Creio que devia ter feito mais alguma coisa antes de voltar para casa, talvez mais uma reunião em outra escola. Uma vez em casa, fechei todas as janelas e deitei no tapete da sala. Nunca fui nenhum fã de Belchior, porém a letra de uma música veio á cabeça. Tentei cantarolar: “se você me perguntar... de olhos abertos eu lhe direi”. Talvez o mendigo fosse me matar dali a dois. O mendigo irmão. “Amigo, eu me desesperava”.

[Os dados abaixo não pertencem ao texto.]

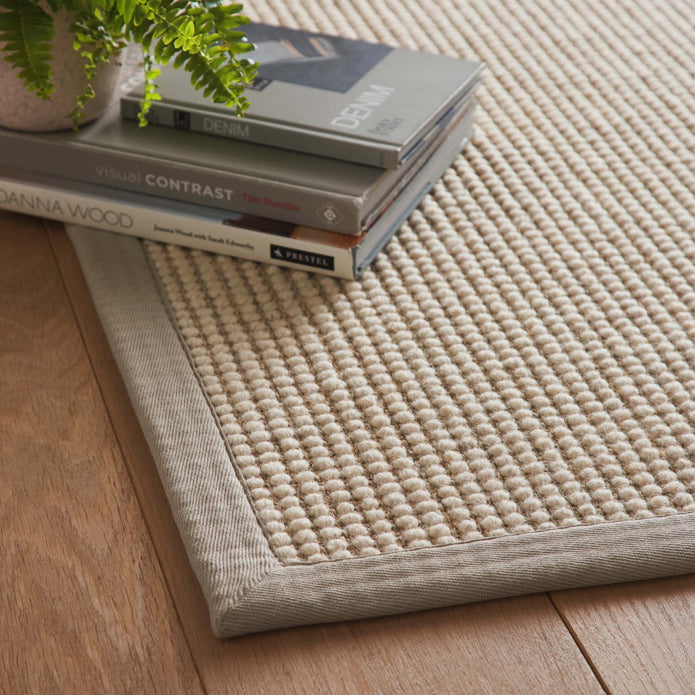 Origins Sisal Boucle with Soft Grey Border - handmade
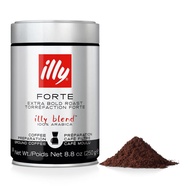 Illy Coffee, Ground Drip Forte, Extra Dark Roast, 100% Arabica Bean Bold Signature Italian Blend, No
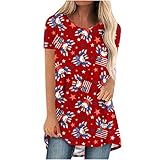 uojfnhb USA Independence Day Tunic Tops for Women American Flag Print Shirts Casual Crewneck Short S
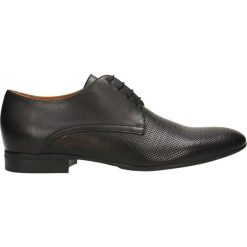 Półbuty PORFIRIO. Czarne buty wizytowe męskie Gino Rossi, bez wzorów, ze skóry, eleganckie, na sznurówki. Za 199,90 zł.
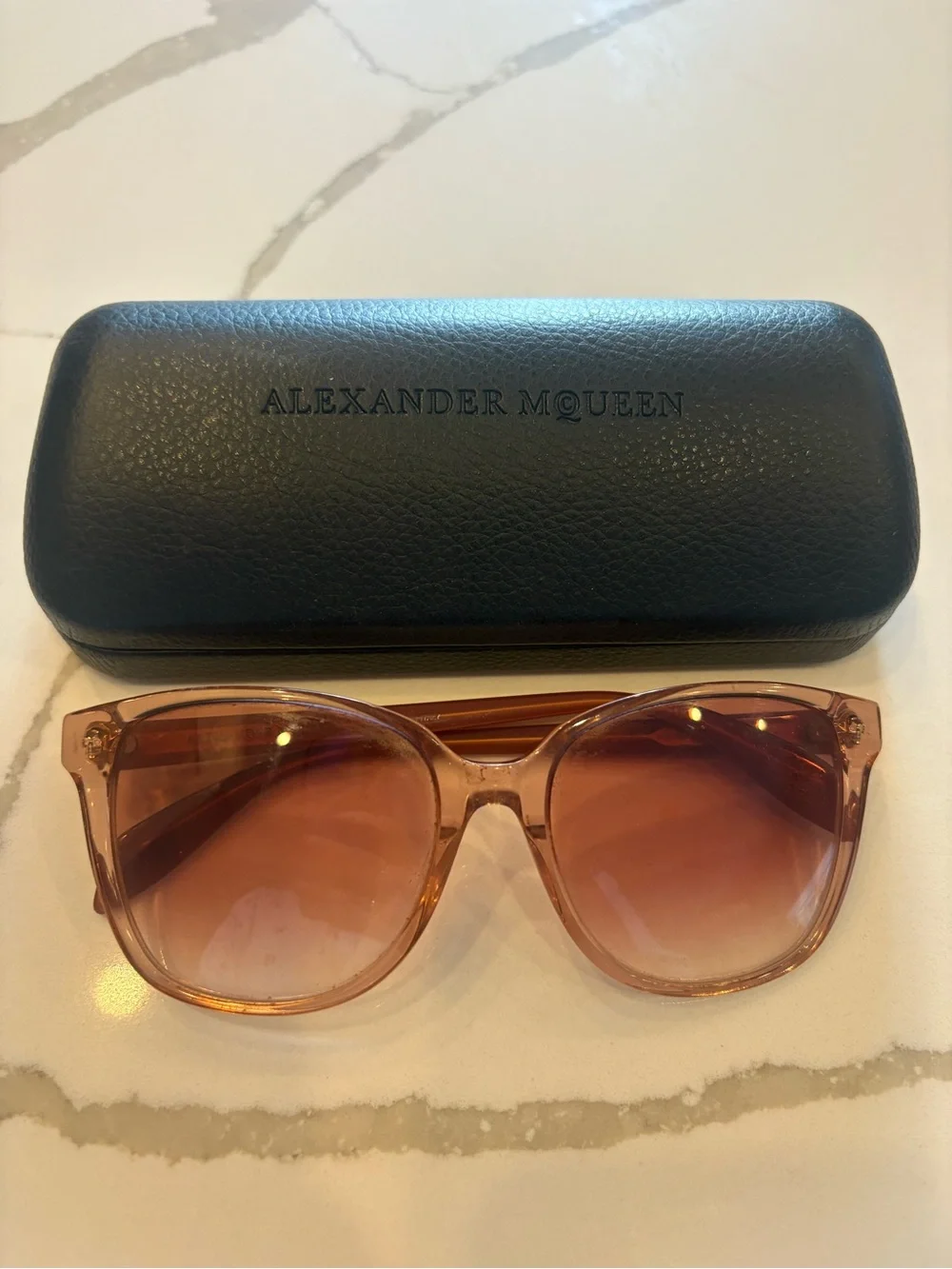 Alexander McQueen Translucent Pink Gradient Women's Sunglasses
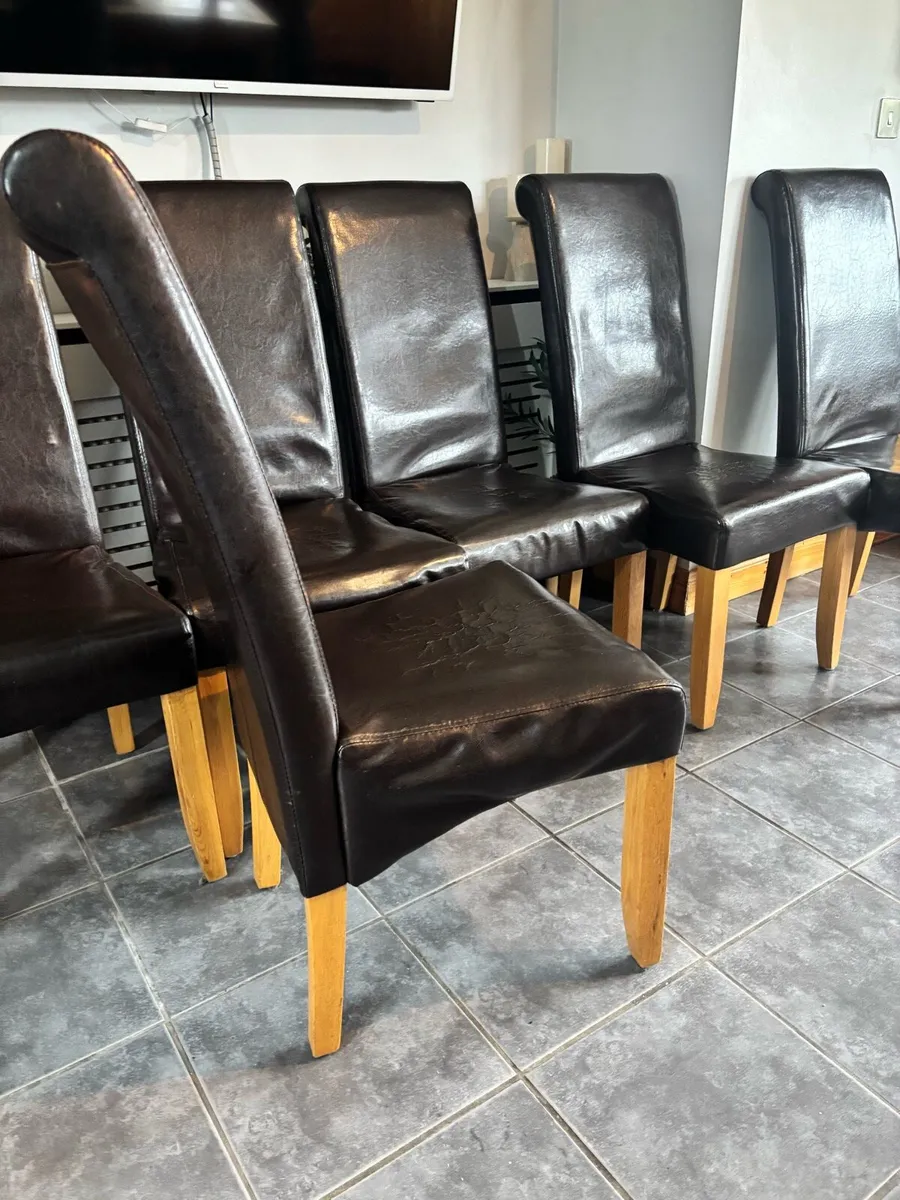 Brown leatherette chairs - Image 2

Pela manhã, quando acordei, não pensei em que dia era e nem no que deveria fazer. Peguei o carro e rodei mais de uma hora, talvez muito mais, fazendo um esforço para recordar o lugar. Tinha certeza que podia encontrá-lo apenas com o que guardava na memória. Enfim estacionei o carro em frente a uma casa geriátrica. Ela era grande e antiga, repleta de árvores ao redor. Tinha um aspecto quase bondoso. Entrei na casa e na recepção perguntei por Elizabete. Chamaram uma mulher que me levou até a varanda onde duas senhoras conversavam. No breve caminho que conduzia até lá me questionei se ela me reconheceria, ou ao contrário, se eu ainda era capaz de reconhecê-la. Enquanto estivemos juntos, ambas sorriram o riso da irrealidade e falaram palavras desencontradas. Aceitaram minha presença de bom grado. Na saída prometi retornar, mas elas não se importaram. Pensei que devia existir outra coisa, uma outra vida que até então se mostrara insondável. O guardador de carros viveu mais alguns anos até morrer de overdose, porém, antes, me enfiou a faca na barriga três vezes até ver meu corpo se debater no chão.